If there was any subtlety to Russia’s increasingly intimidating behavior toward Ukraine in recent weeks, it gave way today as Putin launched a full-scale military invasion of its neighbor. How this plays out is unclear, except that whatever unfolds it’s obvious that a major geopolitical regime shift has been triggered. Exactly what this means for the global economy, markets, international relations and beyond is hazy at best this morning. Meanwhile, here are three key questions to ponder as a needless war begins just across Europe’s eastern border.
Will the US and its allies react with more than increasingly harsh economic sanctions? It seems likely that Russia’s overwhelming military force will eventually prevail and Ukraine’s government and independence will succumb. That will be a major event on Europe’s eastern border and undoubtedly unleash an array of repercussions. There are many paths the West can take, ranging from doing little beyond announcing sanctions and condemning Russia to more muscular changes in NATO’s posture. The stakes are certainly at the highest level since the Cold War and it arrives at a precarious time for the US and Europe. CNN’s Stephen Collinson accurately sums up the stakes at this pivotal moment:
Putin’s attack on Ukraine is another challenge to America’s global power and the concept of a free and democratic world that multiplies its influence. Liberal democracy now faces a fearsome challenge, not just from a revanchist Russia but from a rising, authoritarian super power in China.
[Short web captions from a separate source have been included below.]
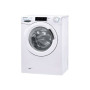 Candy , Washing Machine , CS 1410TXME/1-S , Energy efficiency class A , Front loading , Washing capacity 10 kg , 1400 RPM , Depth 58 cm , Width 60 cm , Display , LCD , White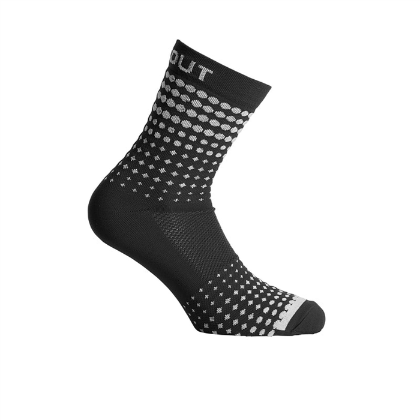 Image de pack de 3 paires chaussettes Dotout Infinity 900 Black / S/M°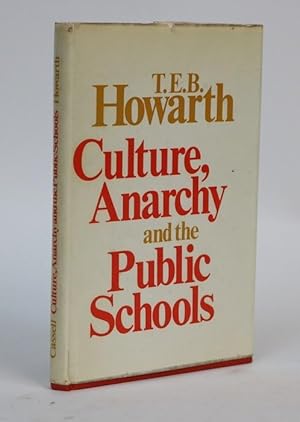 Culture, Anarchy, and the Public Schools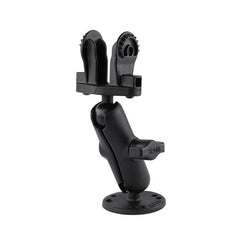 RAM B Size 1" Fishfinder Mount for the Lowrance Hook² Series (RAM-B-101-LO12) - Mounts MY - RAM Mounts Malaysia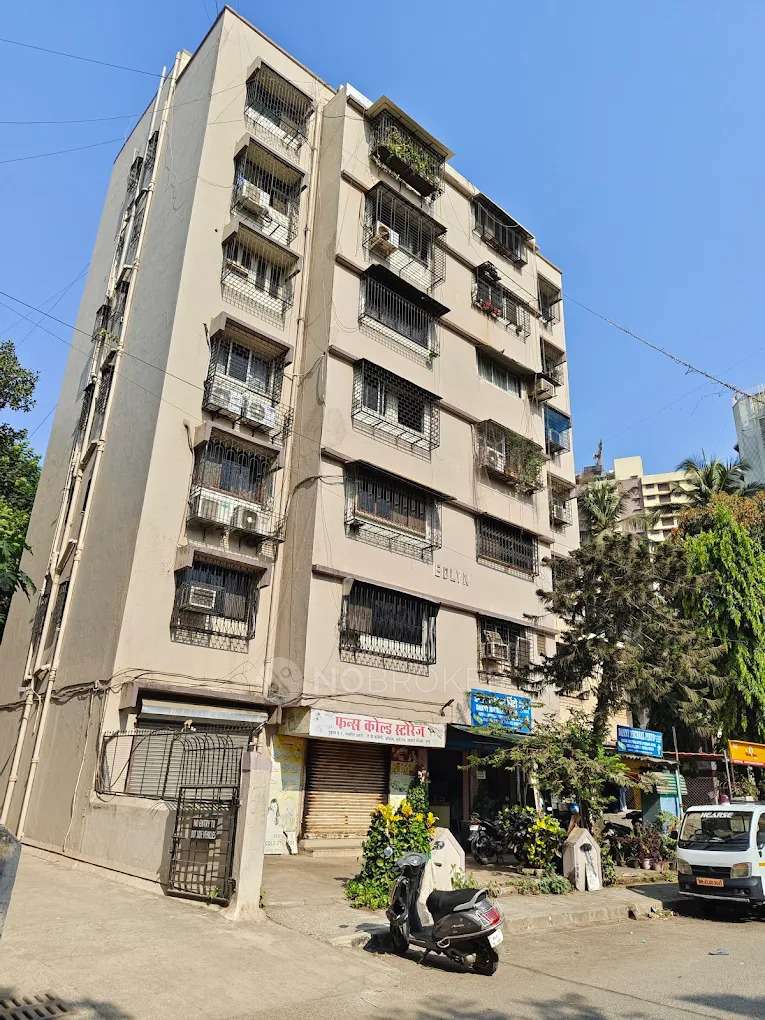 Edlyn Apartment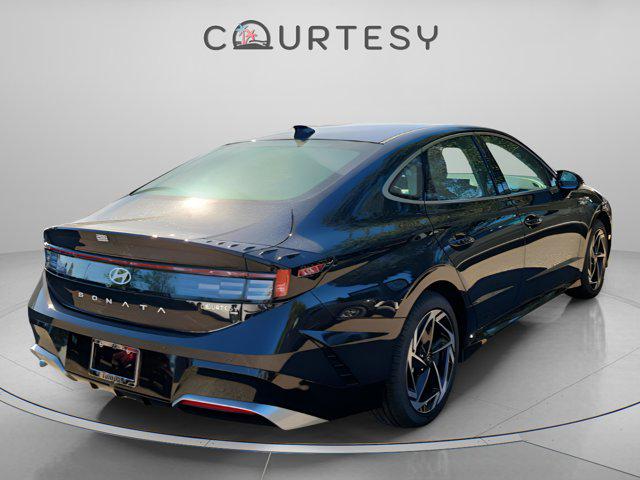2026 Hyundai Sonata SEL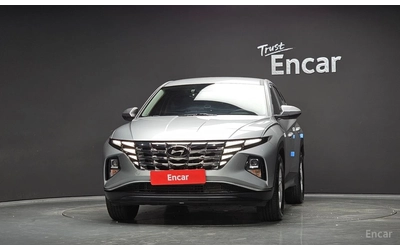 hyundai-tucson - 1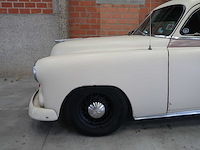 Chevrolet delivery van - afbeelding 3 van  53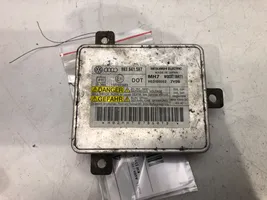 Audi A4 S4 B8 8K Modulo del convertitore di tensione/trasformatore 8K0941597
How much of a shock will Russia’s invasion unleash on the global economy? There’s never a good time for an energy shock, but it’s hard to imagine a period of higher risk in recent history. Inflation is already elevated and rising energy prices will likely exacerbate pricing pressure further. Given Russia’s crucial role as a major energy exporter, there are no easy solutions in the near term. Not surprisingly, Brent crude oil – the international benchmark – has already soared above $100 a barrel this morning – the first triple-digit reading since 2014. A supply-induced energy crunch is coming, and Europe is especially vulnerable, relying on Russia for about a third of its natural gas supply. Globally, Russia’s crude represents about 10% of supply. That leaves the question of whether the West will target Russia’s oil exports directly? If so, there will be a price to pay, all the more so because, as the FT reminds: “A lack of investment has limited oil and gas producers’ ability to boost output, leaving the world with few options to ease energy prices after the Russian incursion in Ukraine sent oil racing above $100 a barrel.”
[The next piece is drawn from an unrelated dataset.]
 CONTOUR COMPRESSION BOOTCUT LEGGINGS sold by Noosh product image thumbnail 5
How will China respond? Russia’s growing economic and geopolitical ties with China are crucial for Moscow’s efforts to blunt the West’s sanctions. On first glance, it’s easy to assume that Beijing will march in lockstep with Putin’s misleading rationalizations for war. That playbook seems to rolling forward. Notably, China today refused to call Russia’s moves on Ukraine an “invasion” and instead urged restraint on all sides. But China’s in a tricky spot, in part because Ukraine’s number one trading partner is China. The first question is how far Beijing goes in supporting Russia’s war? All the way? Or will China play a more constructive role in trying to calm the tensions? Unclear, but given China’s growing influence in global affairs, the answer may cast a long shadow on how events unfold in the days and weeks ahead.